In 1990 FCCJ North Campus celebrated its twentieth birthday, and the dedication of the $5.5 million H.D. “Bo” Cotton Student Center, which houses the institute of the South for Hospitality and Culinary Arts.
On January 3rd 1995, the North Campus celebrated its twenty-fifth anniversary and paid tribute to the Northside Businessmen’s Club. Don Cates was President at the time. A special award was presented to John W. Allen in recognition of his unique role. Both the twentieth and the twenty-fifth commemorative celebrations occurred under the leadership of the North Campus President Dr. Ezekiel W. Bryant. Dr. Bryant has been Campus CEO since November 1974 and has also maintained his membership in the Northside Businessmen’s Club. Because of the generosity of the land donors and the efforts of all those involved, thousands have had the opportunity to receive a college education.
The Northside Businessmen’s Club has long lobbied for a high school north of the Trout River. That dream became a reality at the beginning of the 1900-91 school year with the opening of the First Coast High School which will serve students north of the Trout River to the Nassau County line.

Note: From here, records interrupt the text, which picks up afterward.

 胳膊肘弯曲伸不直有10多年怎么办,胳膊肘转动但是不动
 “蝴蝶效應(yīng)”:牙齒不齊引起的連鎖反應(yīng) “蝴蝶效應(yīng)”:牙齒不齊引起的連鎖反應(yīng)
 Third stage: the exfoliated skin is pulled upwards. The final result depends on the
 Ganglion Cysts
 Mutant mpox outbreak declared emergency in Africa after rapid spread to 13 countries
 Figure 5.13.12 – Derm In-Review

In keeping with the tradition of promoting and supporting educational needs in the Northside, the Club played an instrumental role in bringing a Skills Center to the area in 1978. It was constructed on the former Brentwood Golf Course.

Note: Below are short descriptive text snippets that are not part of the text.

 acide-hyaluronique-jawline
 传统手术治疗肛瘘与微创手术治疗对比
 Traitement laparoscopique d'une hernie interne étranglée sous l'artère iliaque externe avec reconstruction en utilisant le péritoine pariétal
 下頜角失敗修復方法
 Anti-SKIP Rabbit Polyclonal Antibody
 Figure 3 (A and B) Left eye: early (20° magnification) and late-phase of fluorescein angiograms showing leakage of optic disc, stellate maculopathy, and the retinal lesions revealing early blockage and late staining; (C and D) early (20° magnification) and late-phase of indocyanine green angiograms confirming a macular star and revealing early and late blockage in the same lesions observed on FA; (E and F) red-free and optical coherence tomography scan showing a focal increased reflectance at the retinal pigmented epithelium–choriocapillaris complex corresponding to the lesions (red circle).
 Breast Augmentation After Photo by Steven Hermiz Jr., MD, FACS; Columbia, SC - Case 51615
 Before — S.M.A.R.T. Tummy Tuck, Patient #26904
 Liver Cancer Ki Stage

Business leaders in the Northside envisioned that growth and development would be spurred through an adequate transportation system, both in the Northside business district and the outer perimeter of the city. As a result, numerous road projects have been supported throughout the years by the Northside Businessmen’s Club. The more notable projects include: construction of the Dames Point Bridge, which was completed in 1989, completion of I-295, widening of 8th Street to I-95, making Lem Turner four lanes from Trout River north to I-295 and Dunn Avenue four lanes from I-95 to Lem Turner. The Club also urged that lighting be installed at several locations. Following several fatal accidents, Past President Dick McMurray pursued the installation of a caution sign on top of the Trout River Bridge and in 1992 President Dave Whittlesey turned the shovel to commence the improvements of the 9A connector.
Through the leadership of Andy Johnson, the Northside Businessmen’s Club was successful in opposing an attempt by city leaders, in 1988, to relocate the Jacksonville Zoo from its Northside home to an area near the Gator Bowl. At that time the Club also proposed that city leaders commit themselves to making significant improvements to the Zoo.

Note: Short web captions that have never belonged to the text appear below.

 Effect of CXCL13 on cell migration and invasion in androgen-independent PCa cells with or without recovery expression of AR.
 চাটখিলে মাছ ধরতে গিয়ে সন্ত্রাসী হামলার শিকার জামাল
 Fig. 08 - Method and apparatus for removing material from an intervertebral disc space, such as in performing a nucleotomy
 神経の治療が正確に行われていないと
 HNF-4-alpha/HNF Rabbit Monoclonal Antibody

In 1990 a new dock was built at the Zoo to accommodate boat traffic. In 1993, the Club supported the expansion of the Zoo into a world class attraction.
Past President Doug Peeples originated the action which finally culminated with NFL Football coming to Jacksonville. Former mayor and Club member Jake Godbold was also a driving force in that effort. The Jacksonville Jaguars commenced play in 1995.
Area Planning Committee projects include: promote a more positive image of the Northside; improve road conditions and traffic flow on Pearl Street from Union Street to Trout River; widen Golfair Boulevard, 9A, and Duval Station Road at First Coast High School; correct drainage problems at 14th Street and Walnut; and monitor actions of the Seminole Kraft/AES Cedar Bay Coal Fired Plant. In addition, the Area Planning Committee closed the Northside landfill.
Plans of the Crime Prevention and Police Relations Committee will focus on educating individuals on how to deal with and reduce crime. Projects include organizing neighborhood crime watch programs; involving churches, schools, citizens and civic organizations in crime prevention; and providing activities for the youth in their neighborhoods.